EXTRACTED RECORDS Block Start

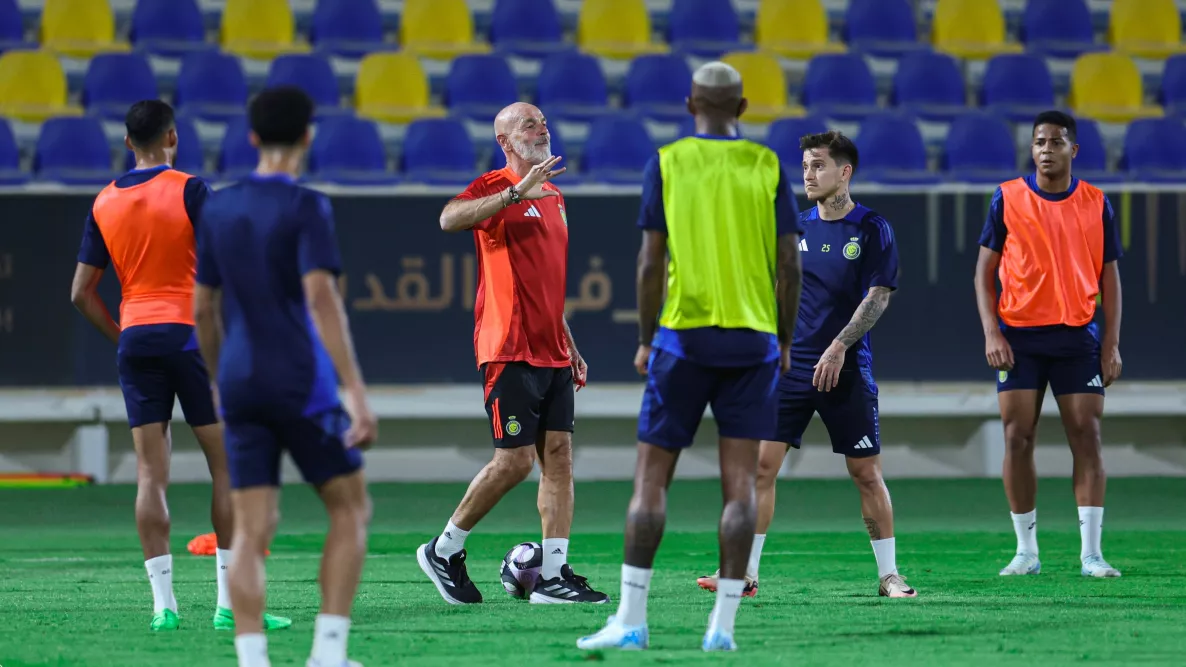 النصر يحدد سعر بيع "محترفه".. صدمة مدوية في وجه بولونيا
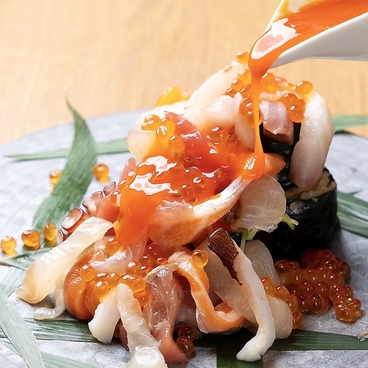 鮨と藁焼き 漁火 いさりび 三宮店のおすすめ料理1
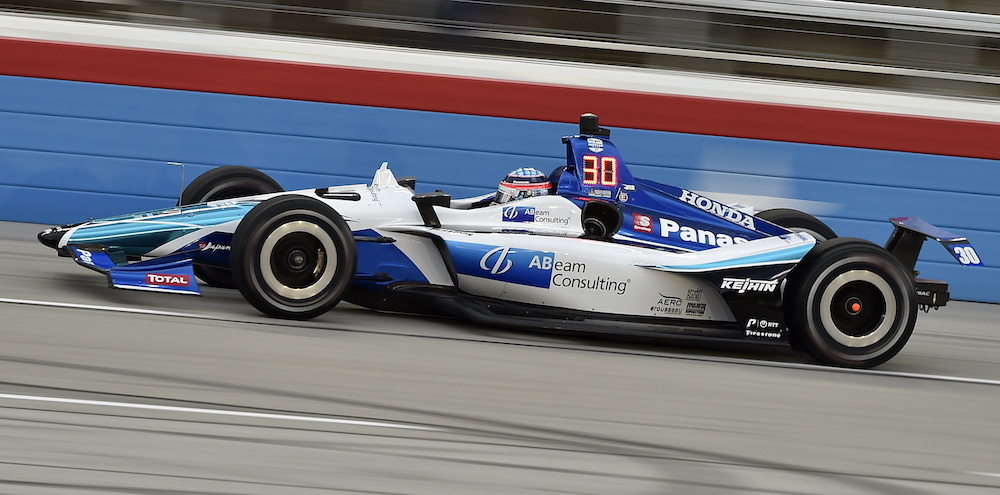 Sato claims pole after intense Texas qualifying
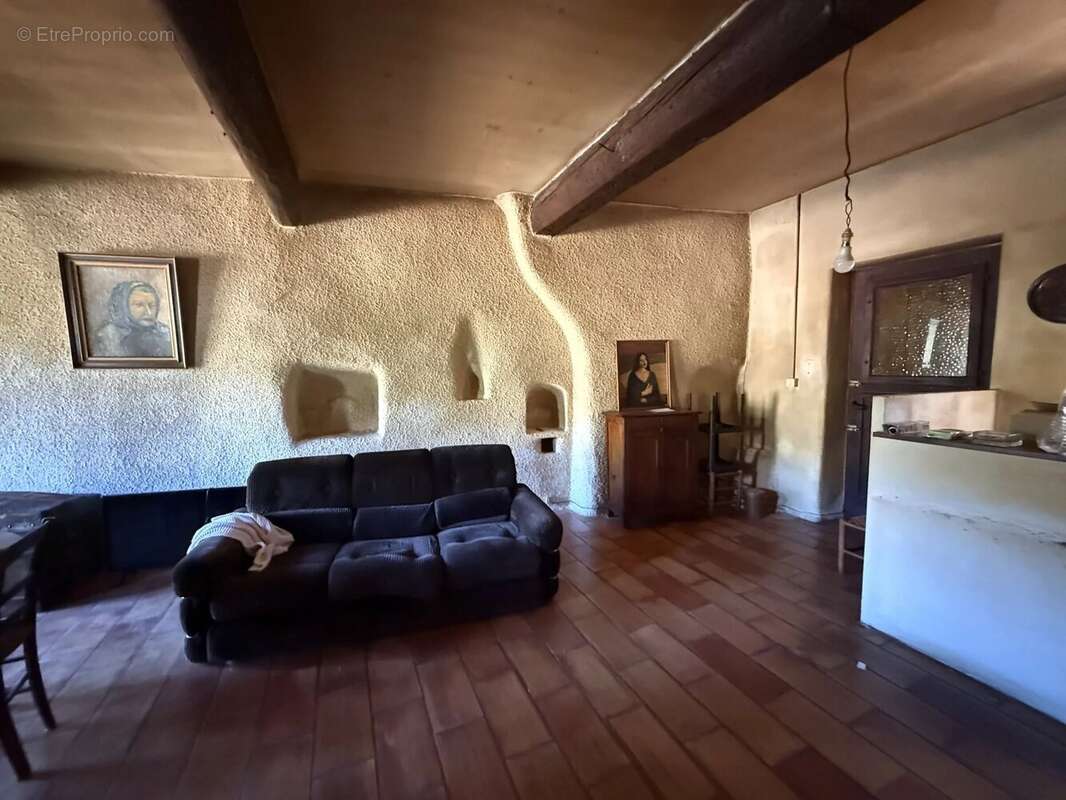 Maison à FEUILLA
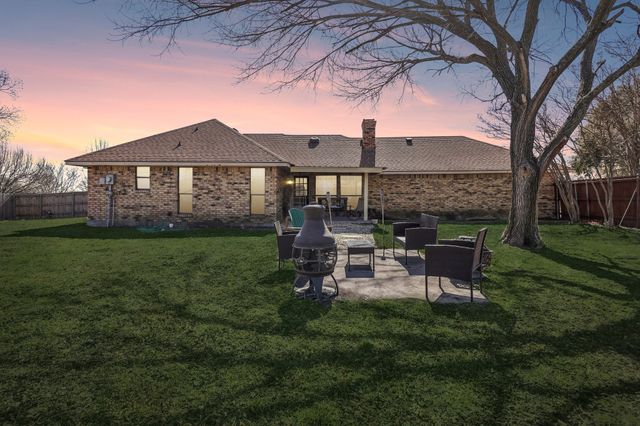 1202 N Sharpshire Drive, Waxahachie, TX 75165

EXTRACTED RECORDS Block End

● **WORK INSTRUCTION**: Leaving images out, please output every line of the data exactly.

● **RESPONSE TO THIS TASK**:
 النصر يحدد سعر بيع "محترفه".. صدمة مدوية في وجه بولونيا
 鮨と藁焼き 漁火 いさりび 三宮店のおすすめ料理1
 Sato claims pole after intense Texas qualifying
 Maison à FEUILLA
 1202 N Sharpshire Drive, Waxahachie, TX 75165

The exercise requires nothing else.